Иона оборачивается всем туловищем к седоку и говорит:
— А кто ж его знает! Должно, от горячки... Три дня полежал в больнице и помер... Божья воля.
— Сворачивай, дьявол, — раздается в потемках... (4: 327).
Обращает внимание непосредственное соседство «Божьей воли» и «дьявола». Взятое отдельно, ни одно из этих выражений, скорее всего, не остановило бы нашего внимания. Но сцепленные друг с другом, две реплики — и, соответственно, стоящие за ними голоса — вступают в невольный диалог. Впрочем, с миметической точки зрения никакого общения между Ионой и его невидимым собеседником, конечно, нет. В поэтической перспективе, однако, — неосознанно для самих говорящих — происходит не просто диалог, а спор и прямая сшибка противостоящих друг другу универсальных сил: Бога и дьявола1. В данном контексте важна также безличная форма ремарки, сопровождающей упоминание дьявола: раздается в потемках. Мы не знаем, кому принадлежит этот голос и человеческий ли он вообще (слово потемки тоже легко смещается к полюсу символизации). Заходить слишком далеко в этом направлении, однако, было бы так же опрометчиво, как игнорировать глубинный, символико-поэтический слой. Правила житейского правдоподобия не нарушены. Любая, самая незначительная (или, напротив, значительная) деталь может быть истолкована миметически. Но, взаимодействуя друг с другом в процессе повествования, эти детали активируют свой поэтический потенциал, становятся больше и глубже себя самих, как происходит и в следующем фрагменте из того же рассказа:
Иона ерзает на козлах, как на иголках, тыкает в стороны локтями и водит глазами, как угорелый, словно не понимает, где он и зачем он здесь.

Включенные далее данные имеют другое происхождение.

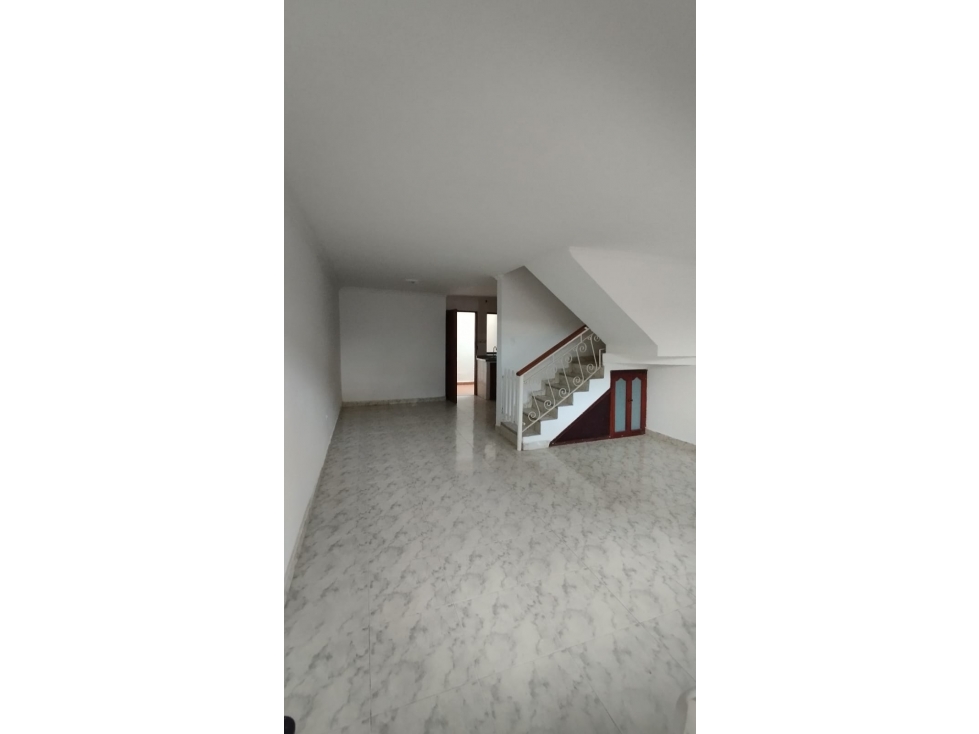 CASA EN ARRIENDO CRESPO - CARTAGENA — foto 2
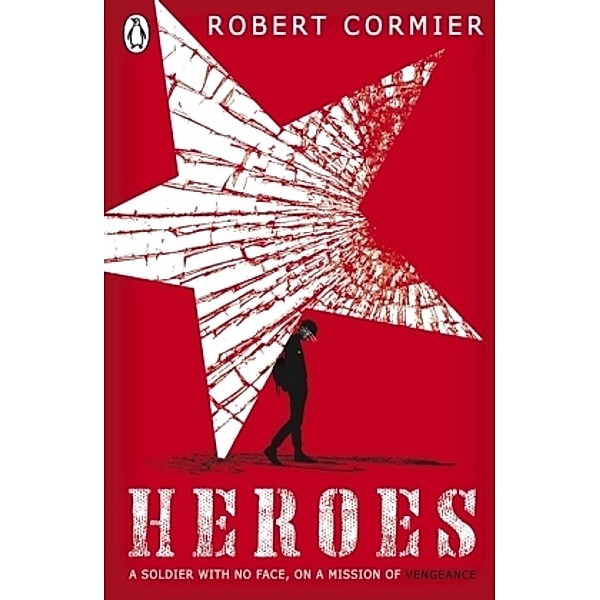 Heroes, Robert Cormier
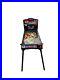 Vintage-Monopoly-Pinball-Machine-Game-by-Hasbro-Working-01-bpvj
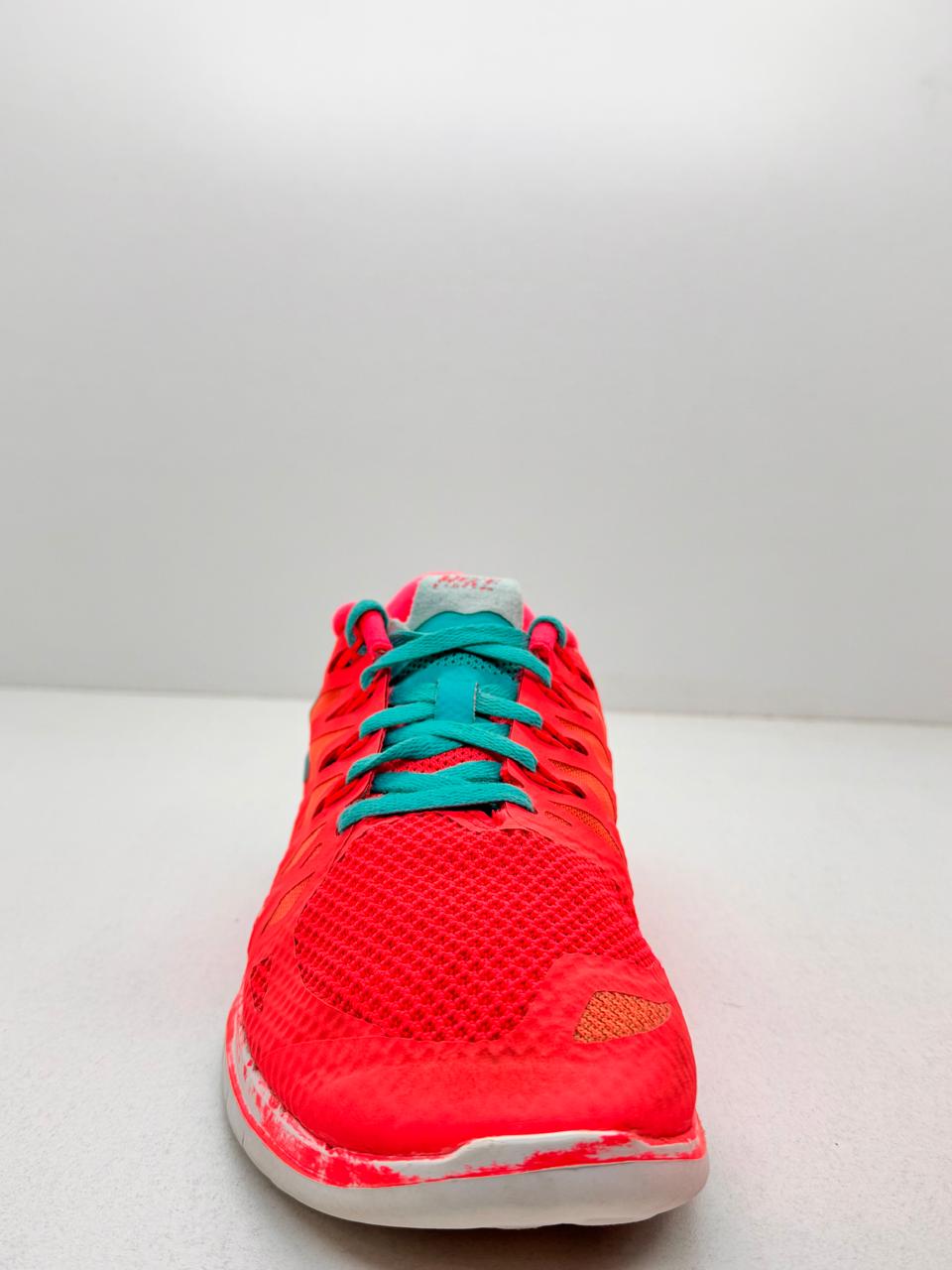 Nike Free 5.0 Size (40.5)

— Какие все подлецы! — острит военный (Там же).
По соседству с фигуративным выражением как на иголках оживает буквальное значение, спрятанное в глаголе острить. И наоборот: рядом с этим глаголом выражение как на иголках начинает восприниматься с долей буквальности.
Еще раз подчеркнем: результатом подобного взаимодействия смежных элементов становится их постоянное колебание между прямым и переносным значениями, не приводящее, однако, к отождествлению с любым из этих полюсов. Несколько репрезентативных примеров из разных произведений («Степь», 1888; «Бабы», 1891; «Супруга», 1895) послужат дальнейшей иллюстрации данного феномена:
Летит коршун над землей, плавно взмахивая крыльями, и вдруг останавливается в воздухе, точно задумавшись о скуке жизни, потом встряхивает крыльями и стрелою несется над степью, и непонятно, зачем он летает и что ему нужно. А вдали машет крыльями мельница... (7: 17).
Описание начинается и заканчивается образом машущих крыльев. Вначале это крылья коршуна (буквальное значение), затем — мельницы (переносное). Между тем у читателя может сложиться впечатление, что он имеет дело с одним и тем же образом, проходящим через разные воплощения.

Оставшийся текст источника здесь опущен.